As reported on page five, the Treaty on the Prohibition of Nuclear Weapons was adopted on 7 July by 122 countries out of 192 member UN states, with the UK staying away. The treaty is a step in the right direction and in accordance with the Quaker Peace Testimony, but there is still much to be done.

Fred Meynen

What is a Quaker?

I was puzzled by James Yeoman’s view (14 July) that ‘no one – least of all potential new members – can tell what [Quakers] actually believe in’. As a newcomer, when I attended my first Meeting for Worship a few months ago I was given a welcome pack containing several short leaflets, which explained very clearly, directly and simply the essence of Quakers’ shared values and the core of Quaker life.

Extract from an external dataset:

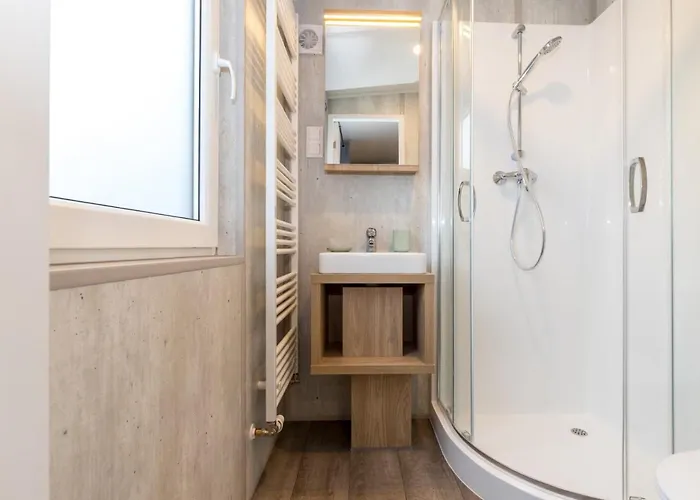 Waldcamping Brombach Kemping Pleinfeld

Their contents – and even more so, my experience of that first Meeting – were a revelation. Coming from a lifetime within the Anglican tradition, the realisation that it is entirely acceptable for me to seek an unmediated experience of God, unhindered by doctrines formulated by others, and then to work out my own understanding of what that experience means for my life and actions, was liberating.

Moving from being asked to ‘believe in’ a set of dogmas recited week by week – an exercise of the head only – to listening and responding to the stirrings of the Spirit in heart, soul and mind, was electrifying.

The unique tradition, the pearl of great price, which Quakers have to offer to others is surely that of silent worship. To quote Quaker faith & practice: ‘In the Religious Society of Friends we commit ourselves not to words but to a way.’ Or to use the words of the psalmist: ‘Be still, and know that I am God.’

If Quakers really need a statement of belief, there are worse starting-points.